The Hegselmann-Krause dynamics for equally spaced agents

We consider the Hegselmann-Krause bounded confidence dynamics for n equally spaced opinions on the real line, with gaps equal to the confidence bound r, which we take to be 1. We prove rigorous results on the evolution of this configuration, which confirm hypotheses previously made based on simulations for small values of n. Namely, for every n, the system evolves as follows: after every 5 time steps, a group of 3 agents become disconnected at either end and collapse to a cluster at the subsequent step. This continues until there are fewer than 6 agents left in the middle, and these finally collapse to a cluster, if n is not a multiple of 6. In particular, the final configuration consists of 2*[n/6] clusters of size 3, plus one cluster in the middle of size n (mod 6), if n is not a multiple of 6, and the number of time steps before freezing is 5n/6 + O(1).

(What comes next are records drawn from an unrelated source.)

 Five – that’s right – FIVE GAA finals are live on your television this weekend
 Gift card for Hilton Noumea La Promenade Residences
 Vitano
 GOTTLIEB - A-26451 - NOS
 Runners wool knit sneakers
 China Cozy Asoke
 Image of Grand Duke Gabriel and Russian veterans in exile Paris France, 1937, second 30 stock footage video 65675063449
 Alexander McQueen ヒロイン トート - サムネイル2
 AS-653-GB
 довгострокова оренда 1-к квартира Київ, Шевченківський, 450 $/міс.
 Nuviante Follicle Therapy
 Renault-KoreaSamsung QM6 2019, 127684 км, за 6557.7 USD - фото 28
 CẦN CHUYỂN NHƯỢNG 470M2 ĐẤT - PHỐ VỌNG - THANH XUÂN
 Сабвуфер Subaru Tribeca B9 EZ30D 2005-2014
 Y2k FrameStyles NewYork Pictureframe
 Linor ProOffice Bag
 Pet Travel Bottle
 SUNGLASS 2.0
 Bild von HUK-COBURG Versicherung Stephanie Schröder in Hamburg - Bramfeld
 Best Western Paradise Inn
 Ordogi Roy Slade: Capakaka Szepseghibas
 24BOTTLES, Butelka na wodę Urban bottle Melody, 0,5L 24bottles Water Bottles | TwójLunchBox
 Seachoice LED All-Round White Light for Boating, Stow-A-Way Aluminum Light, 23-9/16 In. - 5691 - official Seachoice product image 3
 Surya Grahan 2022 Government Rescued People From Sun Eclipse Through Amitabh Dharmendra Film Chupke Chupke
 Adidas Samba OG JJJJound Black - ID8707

We also consider the dynamics for arbitrary, but constant, inter-agent spacings d \in [0, 1] and present three main findings. Firstly we prove that the evolution is periodic also at some other, but not all, values of d, and present numerical evidence that for all d something "close" to periodicity nevertheless holds. Secondly, we exhibit a value of d at which the behaviour is periodic and the time to freezing is n + O(1), hence slower than that for d = 1. Thirdly, we present numerical evidence that, as d --> 0, the time to freezing may be closer, in order of magnitude, to the diameter d(n-1) of the configuration rather than the number of agents n.